The answer should be every line below, repeated exactly, with the images left out.

BEGIN Information shown

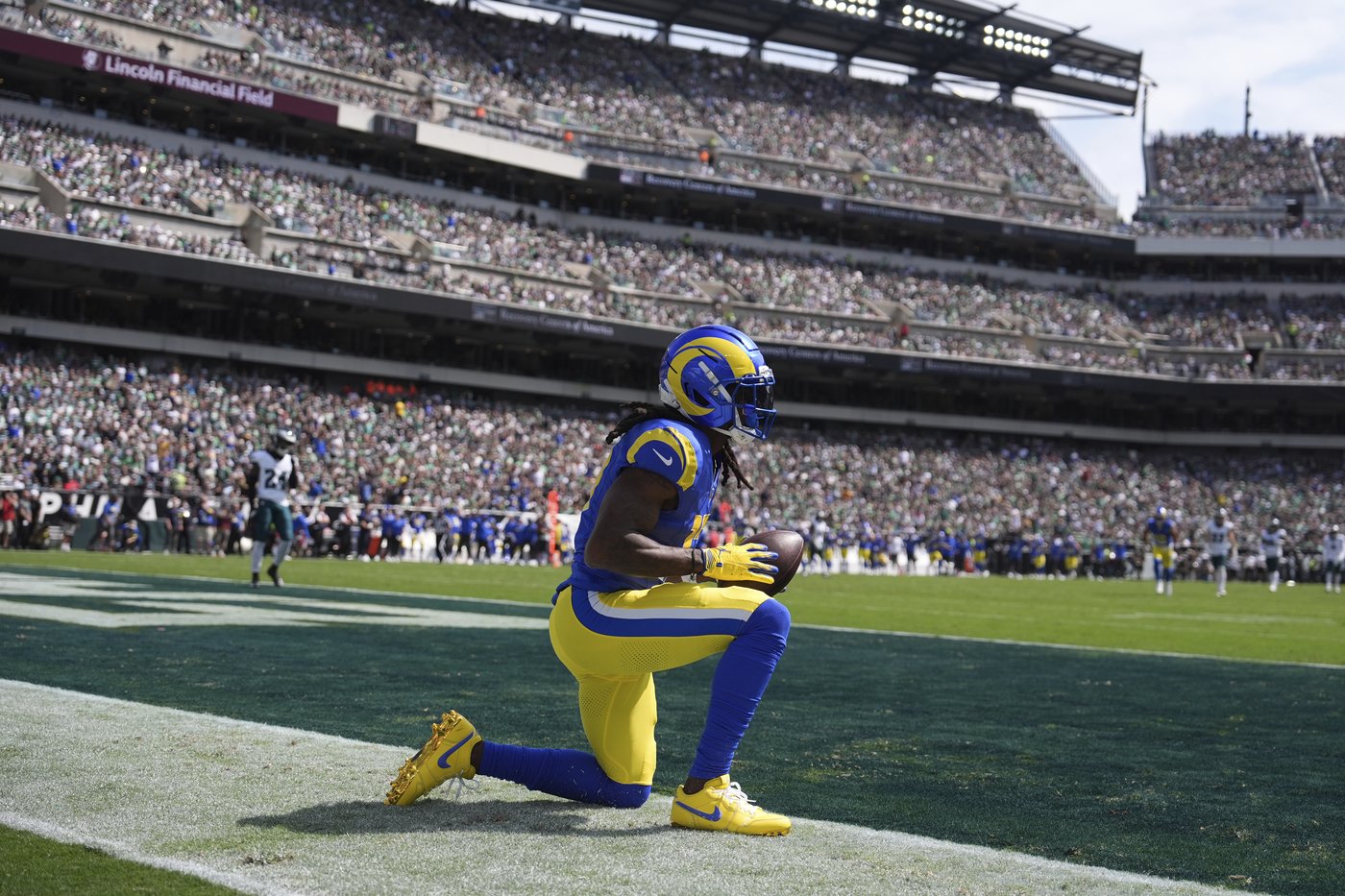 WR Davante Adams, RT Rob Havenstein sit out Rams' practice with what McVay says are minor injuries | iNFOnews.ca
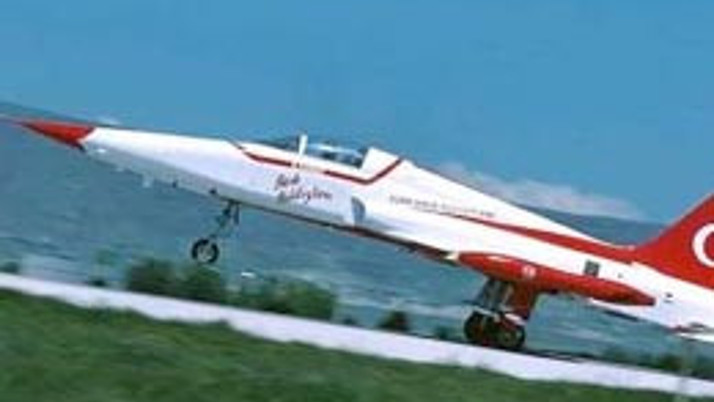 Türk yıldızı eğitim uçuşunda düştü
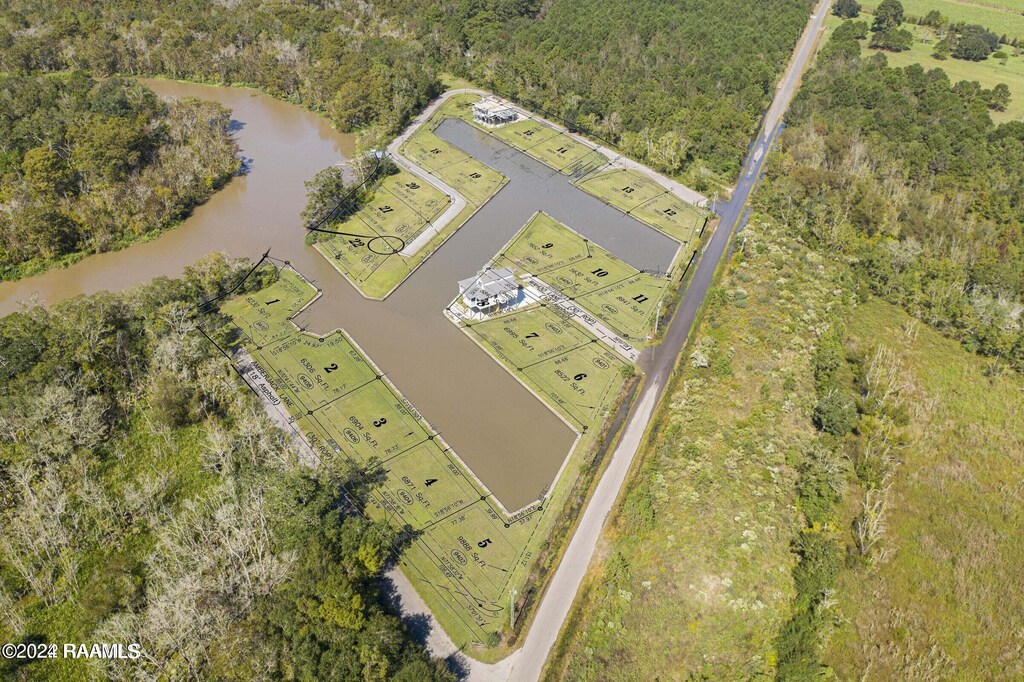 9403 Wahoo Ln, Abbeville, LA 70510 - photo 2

END Information shown

§ **Exercise result**:
 WR Davante Adams, RT Rob Havenstein sit out Rams' practice with what McVay says are minor injuries | iNFOnews.ca
 Türk yıldızı eğitim uçuşunda düştü
 9403 Wahoo Ln, Abbeville, LA 70510 - photo 2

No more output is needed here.